City of Brookfield – Worst-case scenario: Property tax bills for the average resident go up $233.50.
The city’s common council is doing its best to make sure that the worst-case scenario can never come to pass.
Brookfield’s aldermen unanimously approved a resolution Tuesday night that urged Gov. Scott Walker and the state legislature to close loopholes that are causing property taxes in many municipalities to be shifted more onto the shoulders of residents rather than businesses.
The debate, which has been taken up in not only Wisconsin, but around the Midwest, stems from the ability for thriving national retail chains to have their assessed market values slashed which in turn lowers their property tax bills.
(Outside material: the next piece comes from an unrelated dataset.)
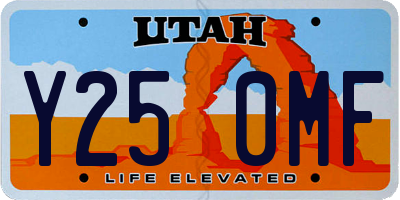 UT license plate Y250MF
“The League of Wisconsin Municipalities has asked us to assist them to figure out how we can close this loophole,” city of Brookfield assessor Allan Land said. “The whole purpose of this is to just encourage more municipalities to create resolutions like this, encouraging the governor and the legislators like this to take action because it is affecting us right now.”
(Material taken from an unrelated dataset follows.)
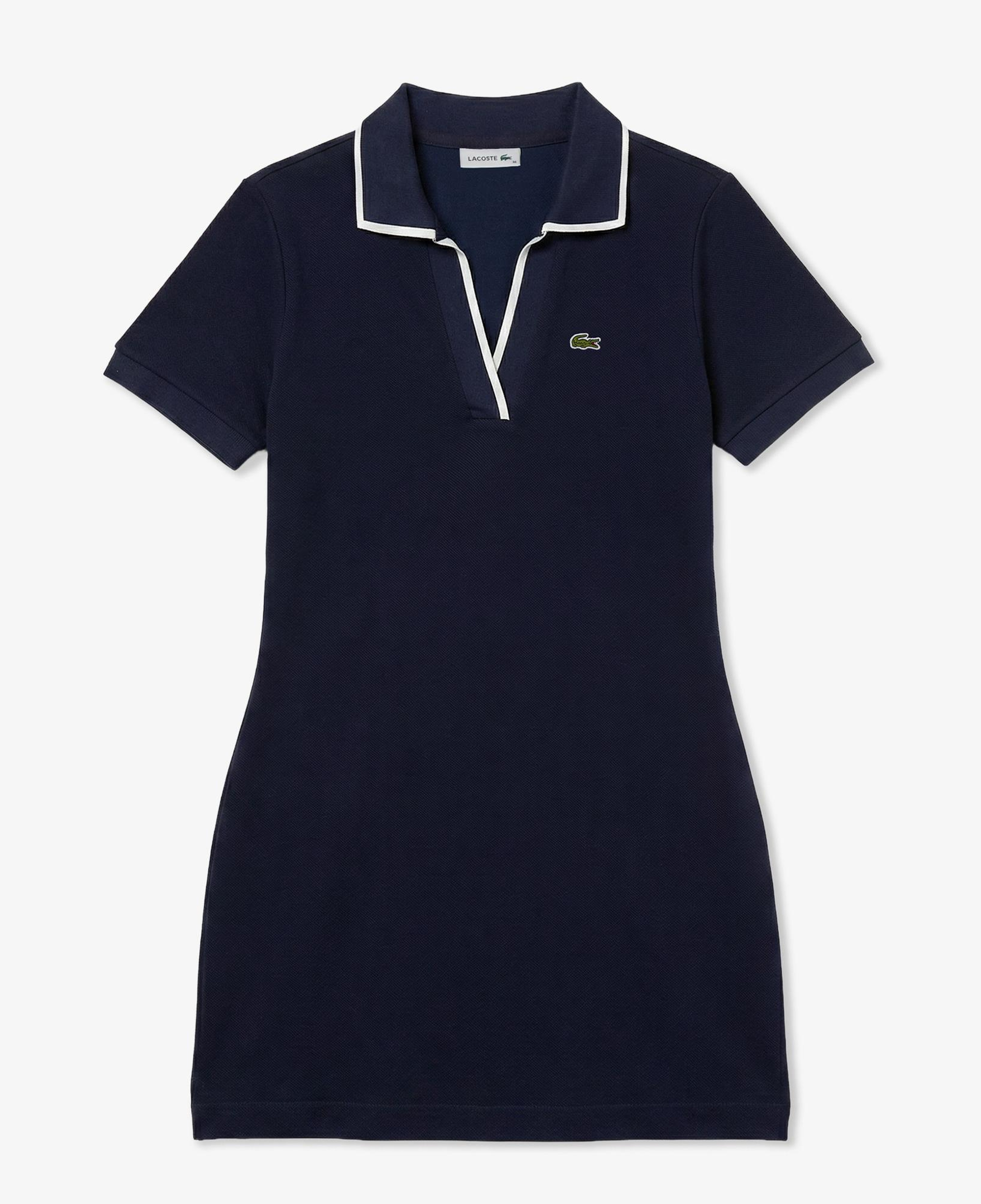 Kadın Classic Fit Kısa Kollu Polo Yaka Lacivert Elbise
Land noted that many municipalities are having trouble fighting the cases of businesses, such as Walgreens, challenging their assessed values. The loophole is created by what is called the dark store theory.
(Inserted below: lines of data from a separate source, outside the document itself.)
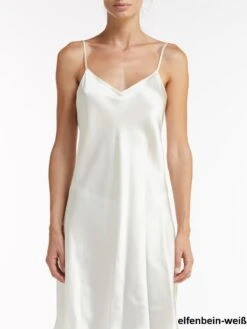 100% Seide Nachtkleid DORINE Von Vivis -MAISON LEJABY Verkäufe seide caroline dorine elfenbein weiss vivis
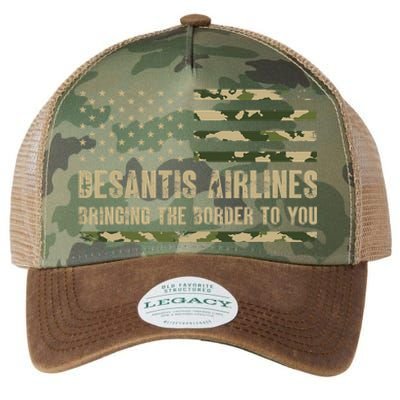 DeSantis Airlines Bringing The Border To You USA Camo Flag Legacy Tie Dye Trucker Hat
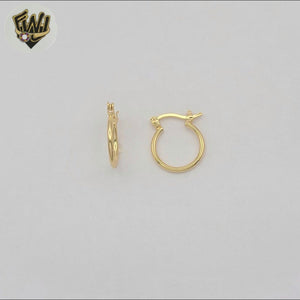 (1-2690-2) Gold Laminate - Plain Classic Hoops - BGF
“What they’re saying is that if you want to look at comparable sales, you need to look at abandoned, vacant properties as comparable,” Land said. “If you were looking at residential values, you wouldn’t look at vacant and abandoned properties to evaluate the rest of the properties in the area.”
While the dark store theory has been used for years, it has only recently become a serious issue close to home.
“It really started in Indiana and Michigan to the point where municipalities were losing money. They were having to close down libraries and eliminate services because they were expecting a certain income coming in from those properties and it disappeared,” Land said.
The League of Wisconsin Municipalities asked the city of Brookfield and other communities to estimate what would happen if all national retailers were able to utilize the dark store theory in order to shift the property tax burden to residents.
In Brookfield, it is estimated based on the amount of national retail chains, 2015 mill rates and median home values that the average homeowner would pay an additional $233.50. By comparison, in the city of Wauwatosa, a full implementation of the dark store theory is estimated to result in an increase of $382.12 for the average homeowner.